Return all of the entries exactly, but do not include the pictures.

◆ **Data**
----------------

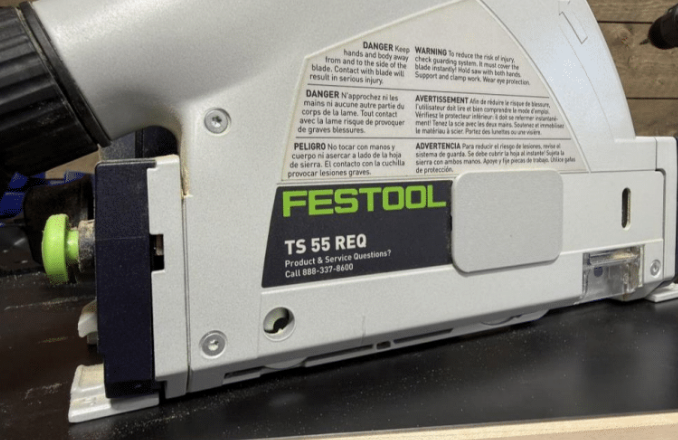 FESTOOL - Arbor Cover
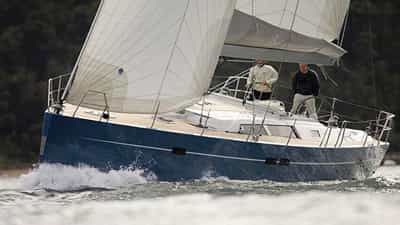 Sailing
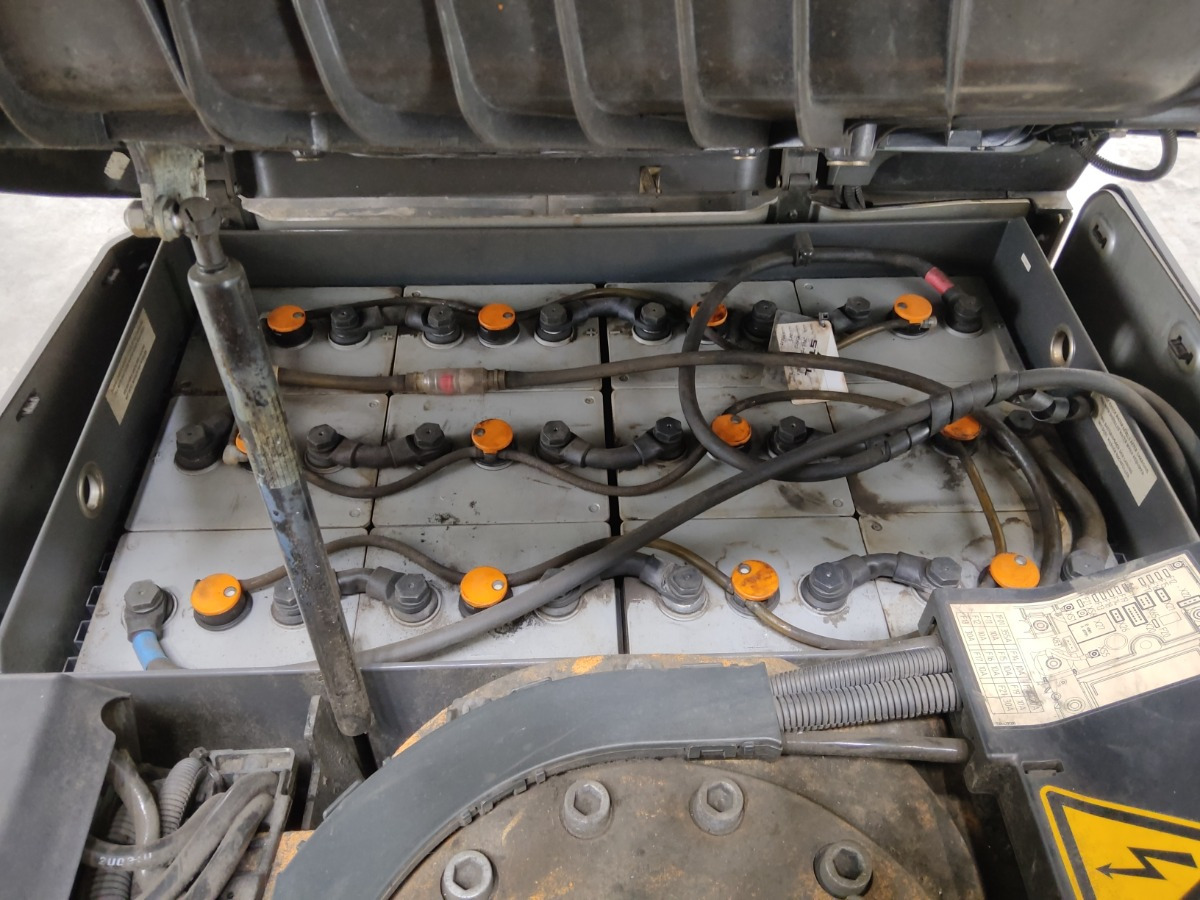 Still RX50-16 - El gaffeltruck: billede 4 Still RX50-16 - El gaffeltruck: billede 4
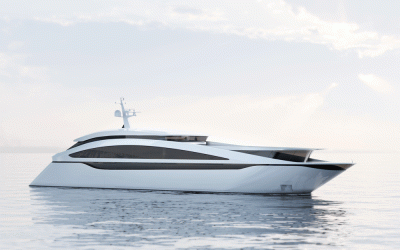 Deltamarin unveils all-in-one ‘scientific cruiser’
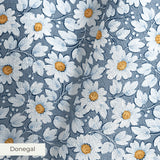 STAR WARS™ | Baxter Mill - Rebels - Starbird - Denim Fabric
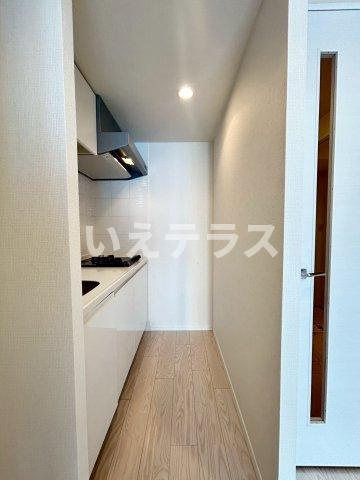 S-RESIDENCE神戸元町の内装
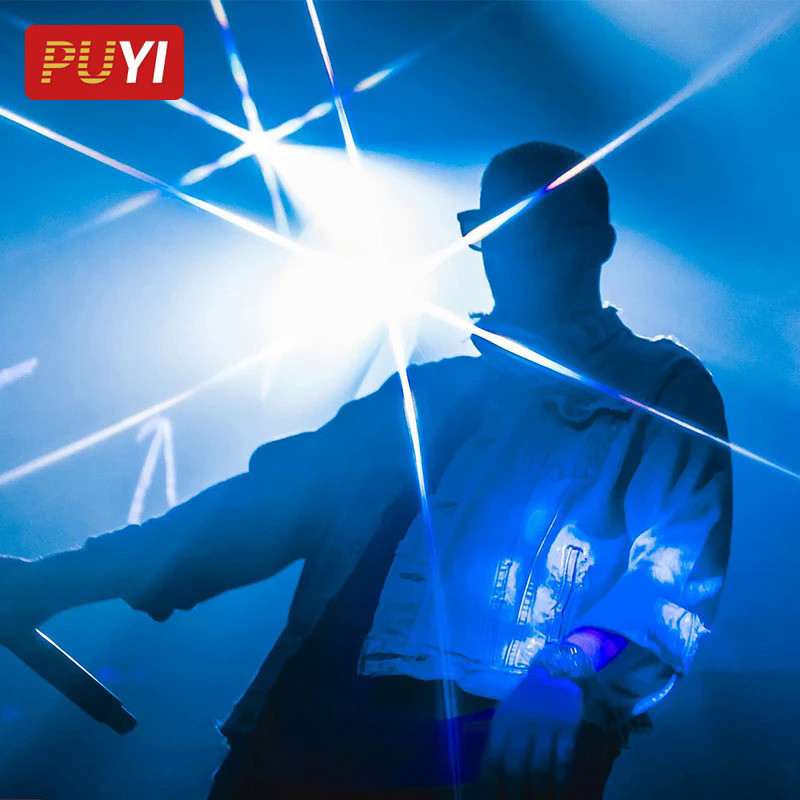 Adjustable Star Line Effect Star Filter Lens Photography 4 6 8 Line Variable Camera Filter 52 55 58 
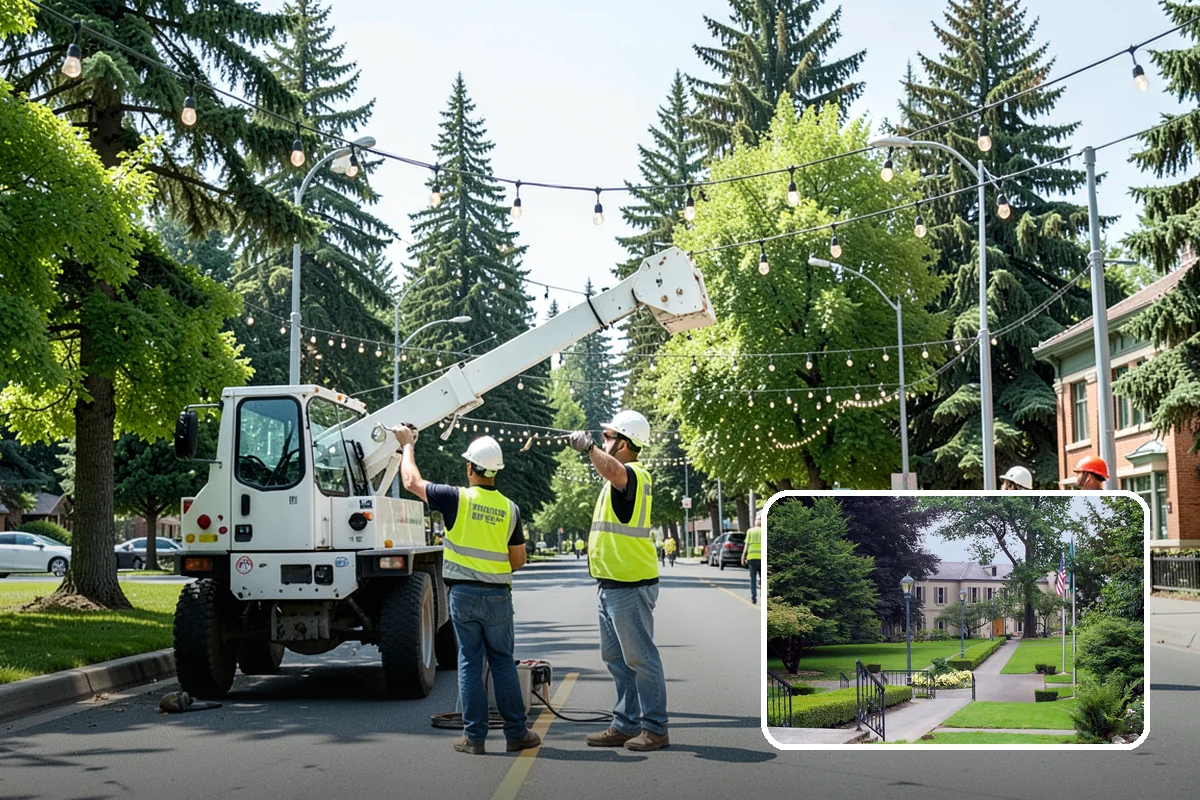 Roadside Litter Removal in Woodinville, King County, WA - Improves corridor appearance and community pride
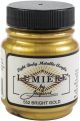 Jacquard Lumiere Metallic Acrylic Paint 2.25oz Bright Gold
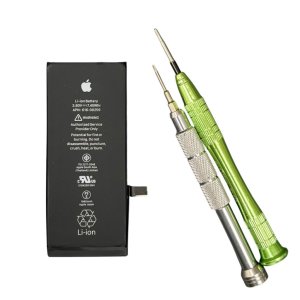 iPhone7 バッテリー交換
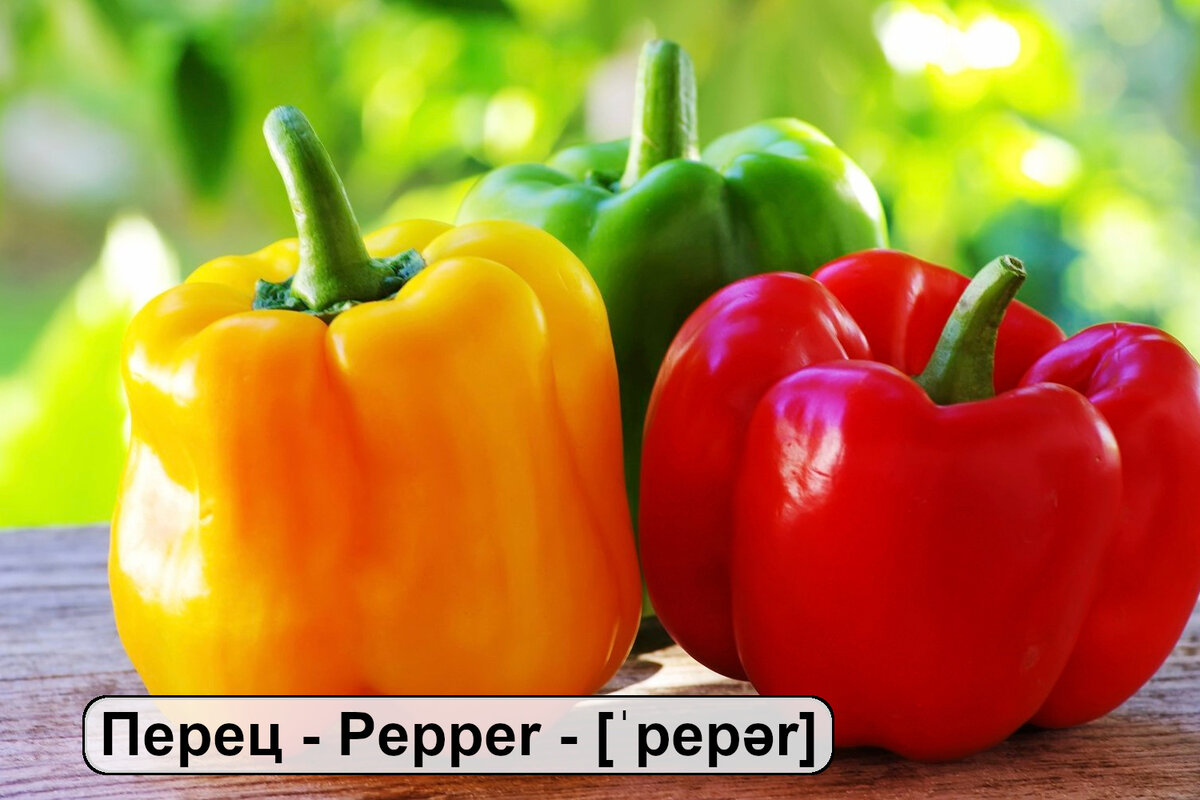 Овощи на английском языке. Карточки для запоминания слов | Red Hot ...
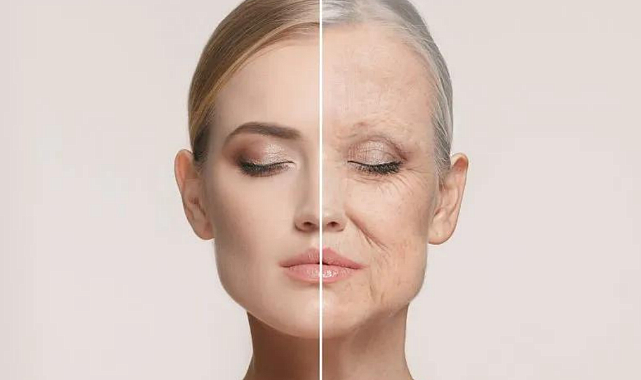 Genç kalmanın sırrı vücudu şaşırtmak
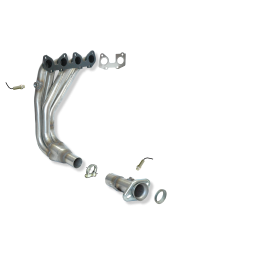 Colector de escape  inoxidable  PEUGEOT 106 1.6I 8V RALLYE 96-99 PEUGEOT 106 1.6I 8V RALLYE 96-99 100CV MºU5J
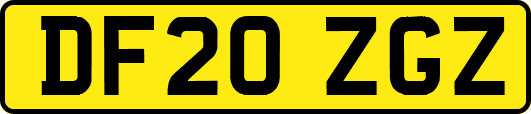 DF20ZGZ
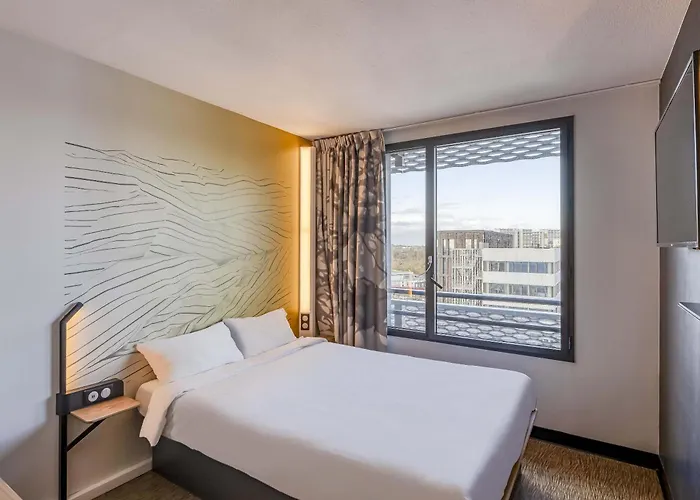 B&B HOTEL Bordeaux Bassins à flot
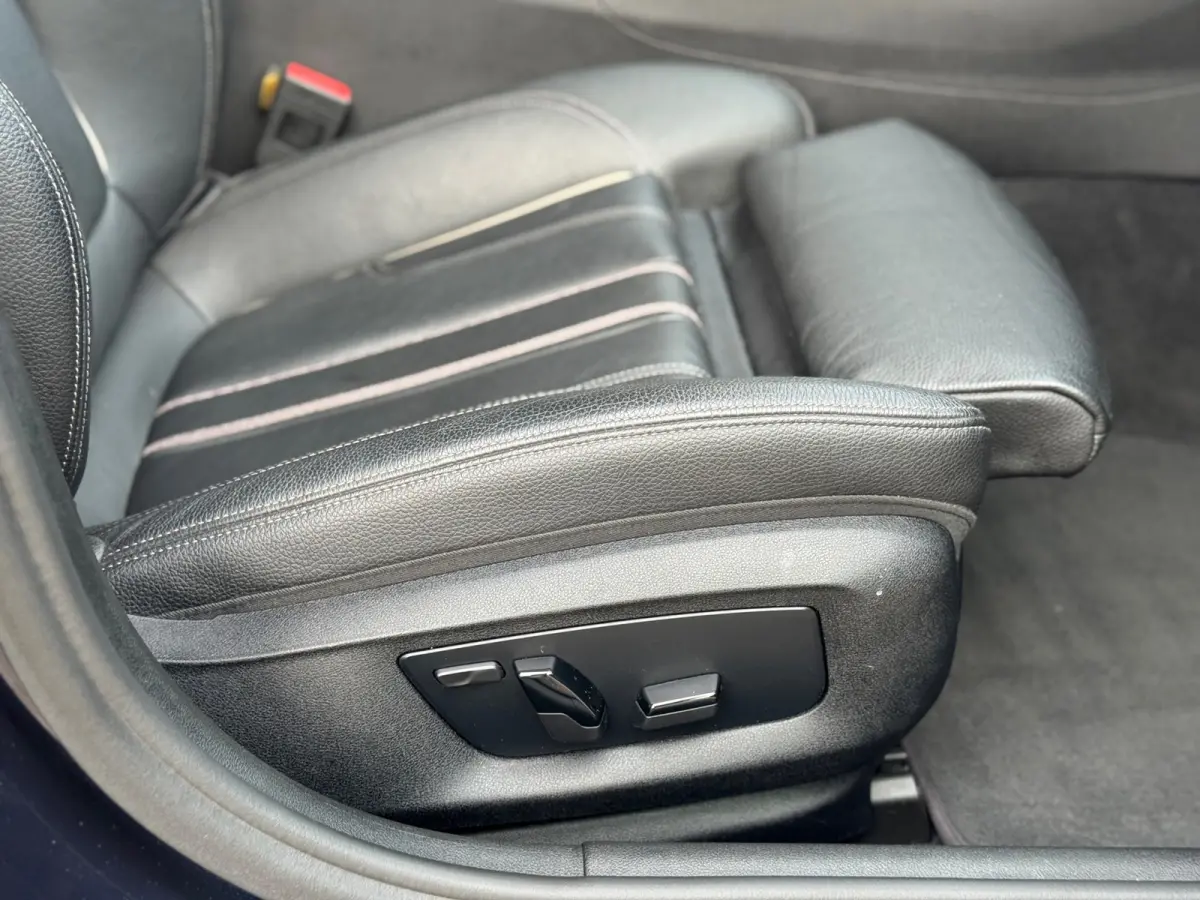 530i Executive LUXURY 2017 NAVI LEDER CLIMA NAP!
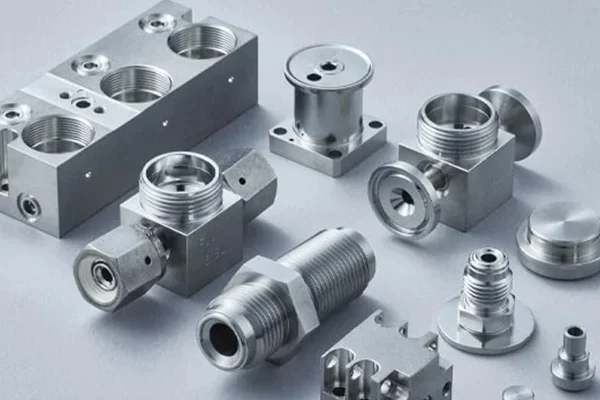 Electronic Parts-Stainless Steel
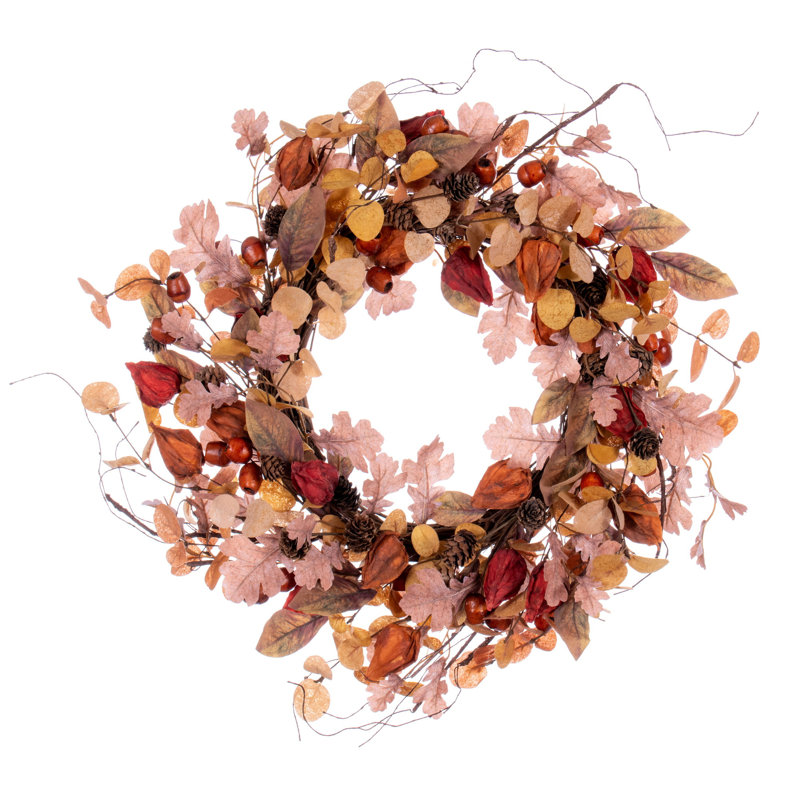 Couronne en polyester 22 po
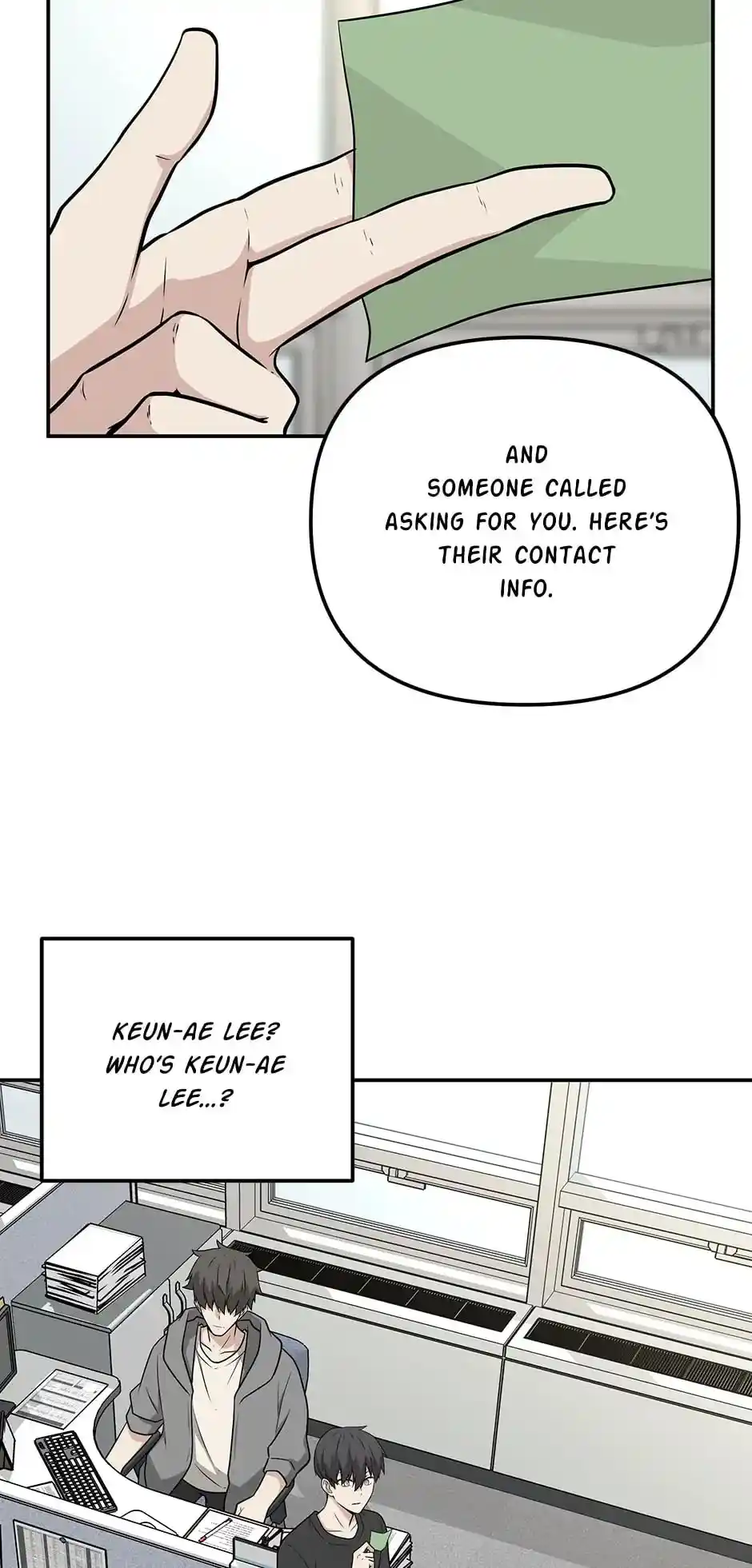 Where Are You Looking, Manager? Chapter 29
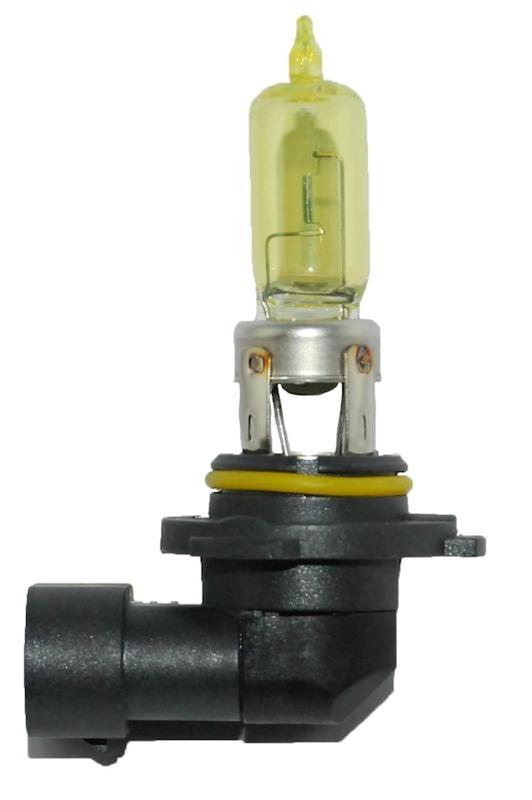 BULB 9005 12V 60W P20D T4 YELLOW (2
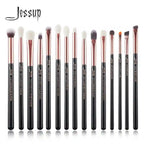 Jessup 15pc Eye Makeup Brush Set T157, BABBAK'S LTD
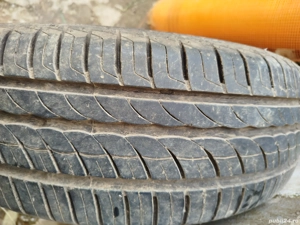 Vând patru anvelope Pirelli 195 65 15 - imagine 2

----------------

◆ **Task solution**
 FESTOOL - Arbor Cover
 Sailing
 Still RX50-16 - El gaffeltruck: billede 4 Still RX50-16 - El gaffeltruck: billede 4
 Deltamarin unveils all-in-one ‘scientific cruiser’
 STAR WARS™ | Baxter Mill - Rebels - Starbird - Denim Fabric
 S-RESIDENCE神戸元町の内装
 Adjustable Star Line Effect Star Filter Lens Photography 4 6 8 Line Variable Camera Filter 52 55 58 
 Roadside Litter Removal in Woodinville, King County, WA - Improves corridor appearance and community pride
 Jacquard Lumiere Metallic Acrylic Paint 2.25oz Bright Gold
 iPhone7 バッテリー交換
 Овощи на английском языке. Карточки для запоминания слов | Red Hot ...
 Genç kalmanın sırrı vücudu şaşırtmak
 Colector de escape  inoxidable  PEUGEOT 106 1.6I 8V RALLYE 96-99 PEUGEOT 106 1.6I 8V RALLYE 96-99 100CV MºU5J
 DF20ZGZ
 B&B HOTEL Bordeaux Bassins à flot
 530i Executive LUXURY 2017 NAVI LEDER CLIMA NAP!
 Electronic Parts-Stainless Steel
 Couronne en polyester 22 po
 Where Are You Looking, Manager? Chapter 29
 BULB 9005 12V 60W P20D T4 YELLOW (2
 Jessup 15pc Eye Makeup Brush Set T157, BABBAK'S LTD
 Vând patru anvelope Pirelli 195 65 15 - imagine 2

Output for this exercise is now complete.